Les relations avec elle étaient toujours difficiles, sans la moindre raison. Elle tenait à marquer ses distances : je n’ai pas été capable de me rapprocher d’elle – ou je n’en ait pas éprouvé le besoin (ou le désir, qui sait ?). Quoi qu’il en soit, une sorte d’amitié mal fagotée s’était nouée au fil du temps. À condition de ne pas chercher qui se trouvait derrière son masque de jeune punk sauvage et vénéneuse (il n’était d’ailleurs pas sorcier de très vite percer à jour une femme fragile et toujours sur le fil du rasoir). Et, plus que tout, elle entretenait une contradiction troublante entre les apparences qu’elle s’était choisies et l’écrivain qu’elle désirait incarner. Ces deux images ne collaient pas ensemble. Et sa littérature souffrait (à dessein) de cette même tension.
Une écriture violente, des sujets scabreux, un érotisme à fleur de peau et qui frôle la pornographie : on a là tous les ingrédients d’une littérature iconoclaste et scandaleuse. Mais une fois de plus, il ne faut pas se fier à la surface des choses. Kathy Acker était un écrivain qui recherchait les limites ultimes de l’art de la fiction et n’hésitait pas à les transgresser. Plus ses écrits mettaient à nu les rapports familiaux, amoureux, sentimentaux dans le sens le plus large du terme, plus elle a voulu ancrer sa démarche dans l’histoire des Belles Lettres et parfois de l’art. Ses personnages portent souvent des noms illustres : Rimbaud, Laure, Don Quichotte, Toulouse-Lautrec, Pasolini – en dresser la liste serait long et fastidieux. Et elle parodie et plagie des auteurs comme Gertrude Stein et Faulkner, Bataille et Dickens, William S. Burroughs, Jean Genet et Gustave Flaubert.

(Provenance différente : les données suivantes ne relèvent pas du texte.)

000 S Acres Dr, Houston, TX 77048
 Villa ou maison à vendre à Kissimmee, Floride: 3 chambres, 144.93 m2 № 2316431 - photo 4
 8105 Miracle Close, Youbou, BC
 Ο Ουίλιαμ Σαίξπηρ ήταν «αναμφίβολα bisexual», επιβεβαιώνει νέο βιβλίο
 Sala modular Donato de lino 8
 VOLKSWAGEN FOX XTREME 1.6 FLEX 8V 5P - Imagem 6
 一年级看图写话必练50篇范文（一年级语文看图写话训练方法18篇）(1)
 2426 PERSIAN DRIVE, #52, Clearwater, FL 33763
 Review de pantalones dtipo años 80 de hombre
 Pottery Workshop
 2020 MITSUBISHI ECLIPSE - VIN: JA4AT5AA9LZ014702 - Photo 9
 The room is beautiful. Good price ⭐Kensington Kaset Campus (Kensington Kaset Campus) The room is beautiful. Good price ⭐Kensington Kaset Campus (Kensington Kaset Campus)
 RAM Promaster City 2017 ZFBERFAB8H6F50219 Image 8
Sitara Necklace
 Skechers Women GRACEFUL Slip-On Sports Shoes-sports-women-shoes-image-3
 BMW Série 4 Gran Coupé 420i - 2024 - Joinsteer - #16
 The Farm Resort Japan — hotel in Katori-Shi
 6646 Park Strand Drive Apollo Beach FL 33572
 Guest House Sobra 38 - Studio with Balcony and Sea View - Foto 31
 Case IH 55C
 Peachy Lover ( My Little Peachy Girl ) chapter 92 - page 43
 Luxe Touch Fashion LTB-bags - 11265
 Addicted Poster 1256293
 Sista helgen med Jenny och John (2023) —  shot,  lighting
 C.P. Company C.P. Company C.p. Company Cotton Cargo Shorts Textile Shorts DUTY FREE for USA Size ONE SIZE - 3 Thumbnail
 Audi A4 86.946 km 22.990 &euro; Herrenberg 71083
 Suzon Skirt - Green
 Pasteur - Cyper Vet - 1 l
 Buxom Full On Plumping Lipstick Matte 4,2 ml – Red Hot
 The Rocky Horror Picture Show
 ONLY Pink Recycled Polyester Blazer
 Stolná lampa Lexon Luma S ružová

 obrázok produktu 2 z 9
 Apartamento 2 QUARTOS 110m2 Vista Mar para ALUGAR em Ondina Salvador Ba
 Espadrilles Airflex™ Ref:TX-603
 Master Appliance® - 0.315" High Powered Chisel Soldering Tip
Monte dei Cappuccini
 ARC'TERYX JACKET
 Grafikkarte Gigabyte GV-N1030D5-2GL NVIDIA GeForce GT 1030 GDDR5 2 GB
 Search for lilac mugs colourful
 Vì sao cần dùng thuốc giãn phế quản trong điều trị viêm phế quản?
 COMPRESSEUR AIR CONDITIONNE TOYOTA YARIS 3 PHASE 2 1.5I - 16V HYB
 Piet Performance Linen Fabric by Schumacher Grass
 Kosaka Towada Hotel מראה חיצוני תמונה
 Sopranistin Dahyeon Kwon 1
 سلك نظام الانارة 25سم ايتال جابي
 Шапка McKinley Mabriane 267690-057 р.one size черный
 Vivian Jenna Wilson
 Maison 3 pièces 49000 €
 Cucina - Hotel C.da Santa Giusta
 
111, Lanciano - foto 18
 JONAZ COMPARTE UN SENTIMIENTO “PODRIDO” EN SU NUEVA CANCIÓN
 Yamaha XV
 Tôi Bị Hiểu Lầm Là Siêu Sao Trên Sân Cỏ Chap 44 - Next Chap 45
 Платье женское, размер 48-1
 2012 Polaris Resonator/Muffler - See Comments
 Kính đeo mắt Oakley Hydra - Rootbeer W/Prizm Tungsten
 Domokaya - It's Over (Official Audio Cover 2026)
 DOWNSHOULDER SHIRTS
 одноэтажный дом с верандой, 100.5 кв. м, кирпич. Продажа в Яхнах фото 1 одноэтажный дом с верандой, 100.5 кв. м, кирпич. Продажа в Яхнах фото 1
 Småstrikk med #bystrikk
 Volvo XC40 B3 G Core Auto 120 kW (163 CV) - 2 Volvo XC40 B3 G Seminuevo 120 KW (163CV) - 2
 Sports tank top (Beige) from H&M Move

Souvent dans ses livres, comme c’est d’ailleurs le cas dans Sang et Stupre au lycée, on a l’impression que la narratrice (ici Janey) est une jeune fille en proie à un malêtre existentiel presque absolu. En réalité, c’est une multitude de voix qui parlent et Janey n’est qu’une incarnation parmi d’autres, non un sujet. Car le sujet du livre est insaisissable, singulier et pluriel à la fois, et la narratrice ne fait qu’emprunter des rôles pour les besoins du petit théâtre des enfers modernes qui est si cher à Kathy Acker. Avec elle la littérature se change en fantasmagories impures – un éternel et malheureux retour sur elle-même dans le sang et les viscères.